**RECORDS SHOWN**
◆ ◆ ◆ ◆ ◆

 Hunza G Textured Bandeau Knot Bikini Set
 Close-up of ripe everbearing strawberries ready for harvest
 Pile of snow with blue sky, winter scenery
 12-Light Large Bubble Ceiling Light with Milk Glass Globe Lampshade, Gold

◆ ◆ ◆ ◆ ◆

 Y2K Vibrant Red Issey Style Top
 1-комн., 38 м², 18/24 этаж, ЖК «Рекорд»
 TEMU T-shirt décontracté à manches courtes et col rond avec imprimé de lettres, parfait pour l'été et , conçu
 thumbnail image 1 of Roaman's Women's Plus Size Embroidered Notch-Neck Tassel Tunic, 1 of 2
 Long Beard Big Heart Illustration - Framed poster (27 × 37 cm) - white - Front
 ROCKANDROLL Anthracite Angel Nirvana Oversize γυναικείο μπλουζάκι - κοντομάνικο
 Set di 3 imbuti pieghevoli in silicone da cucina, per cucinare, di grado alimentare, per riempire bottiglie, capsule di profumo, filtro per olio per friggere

◆ ◆ ◆ ◆ ◆

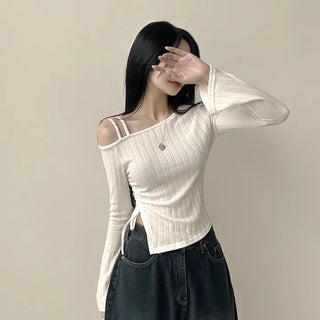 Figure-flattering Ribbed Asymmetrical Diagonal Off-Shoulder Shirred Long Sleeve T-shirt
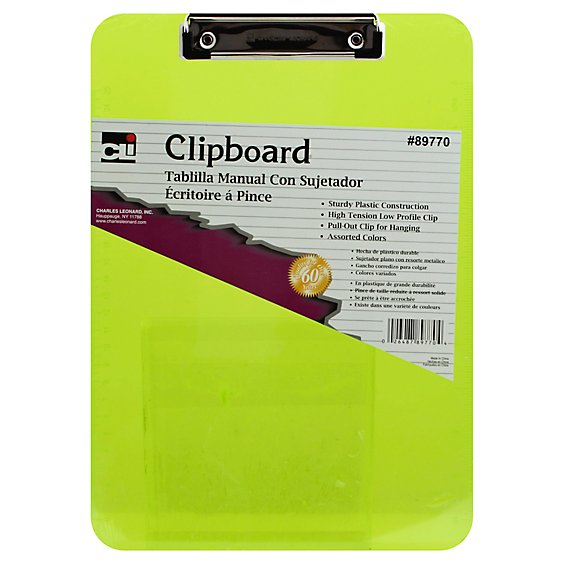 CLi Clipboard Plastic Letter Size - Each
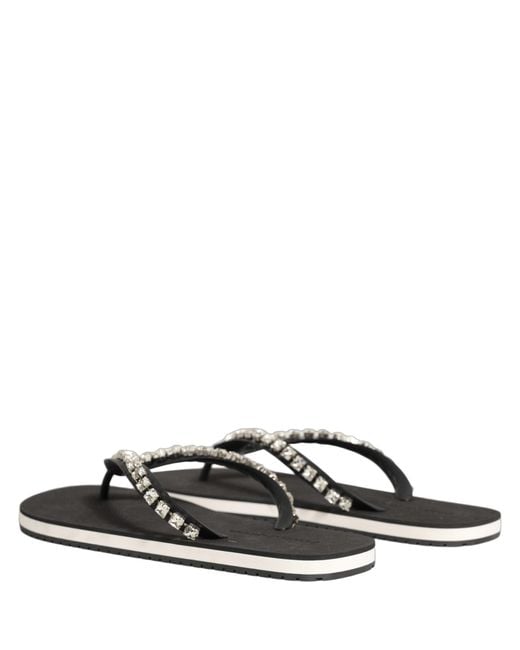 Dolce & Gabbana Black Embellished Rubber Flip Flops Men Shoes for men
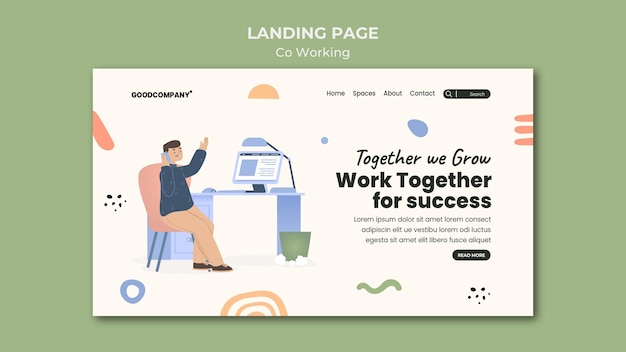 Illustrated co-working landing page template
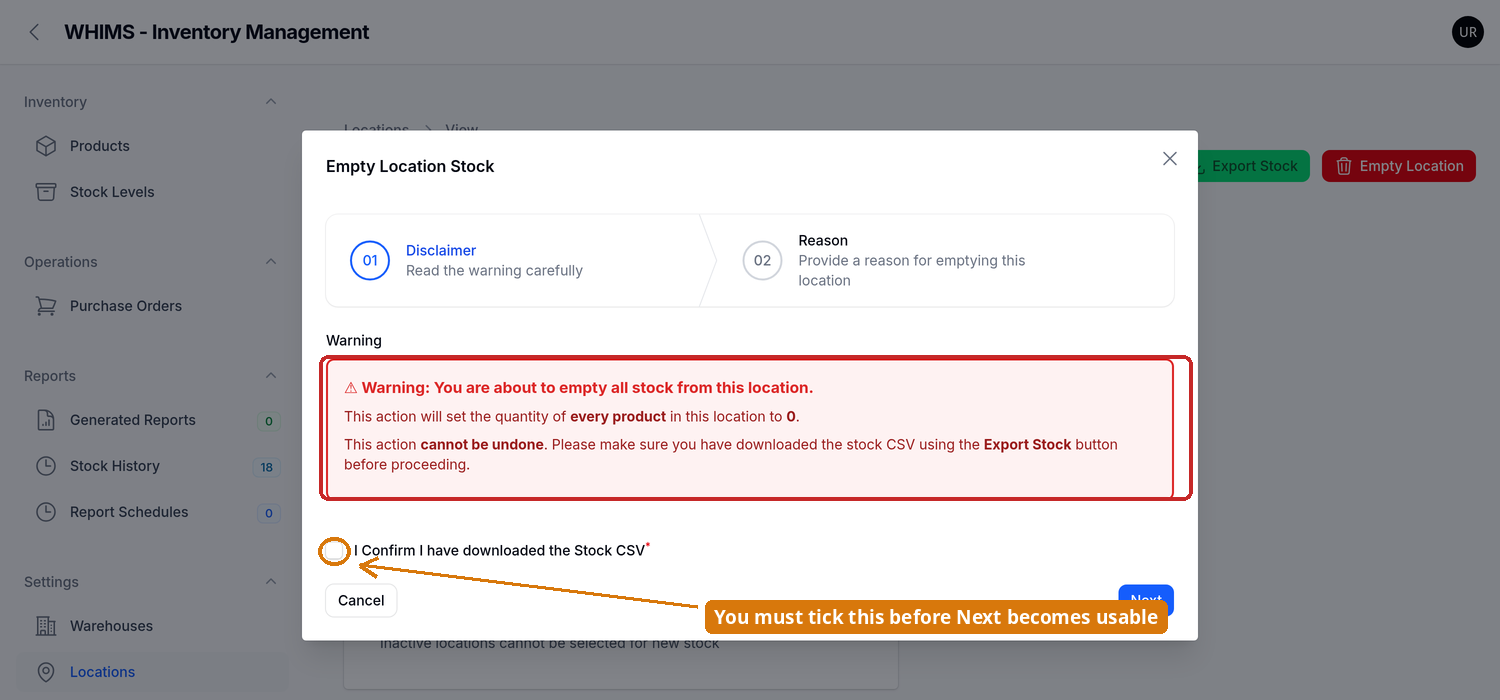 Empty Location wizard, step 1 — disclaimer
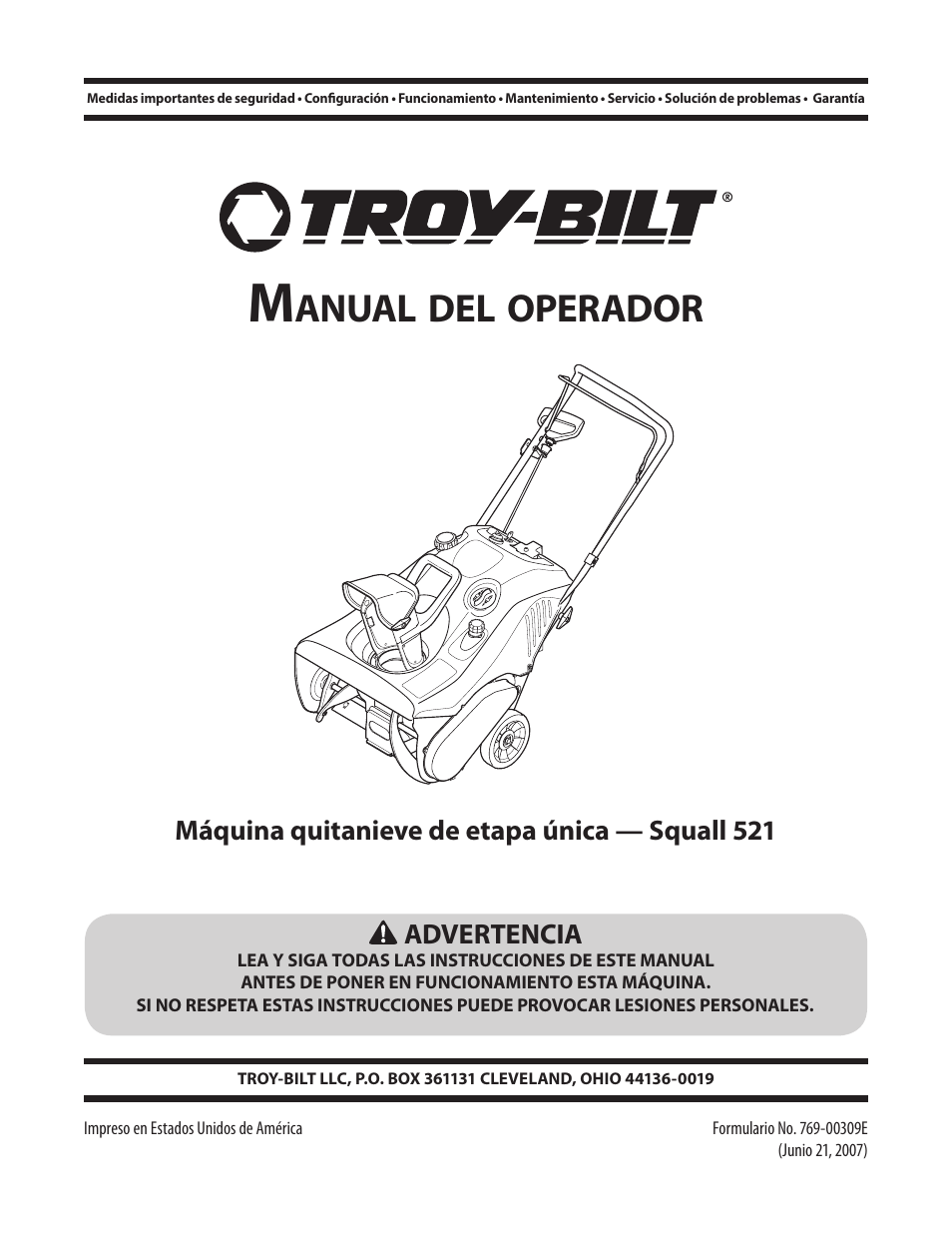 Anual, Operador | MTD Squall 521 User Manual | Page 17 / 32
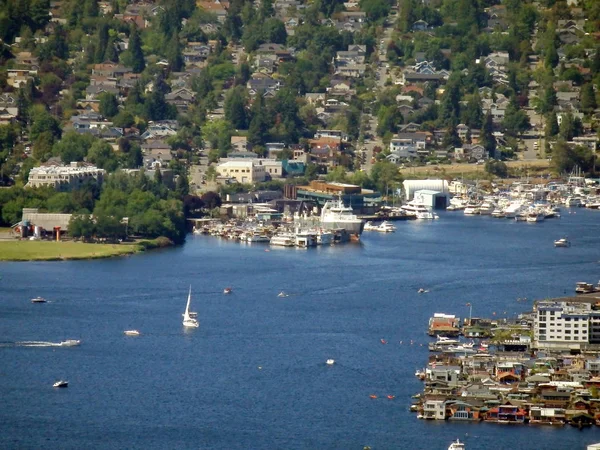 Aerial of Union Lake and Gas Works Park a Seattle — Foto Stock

◆ ◆ ◆ ◆ ◆

**PROBLEM REQUIREMENTS**
Every line of the material above that includes the string "with" is required.

**EXPECTED ANSWER**
 Pile of snow with blue sky, winter scenery
 12-Light Large Bubble Ceiling Light with Milk Glass Globe Lampshade, Gold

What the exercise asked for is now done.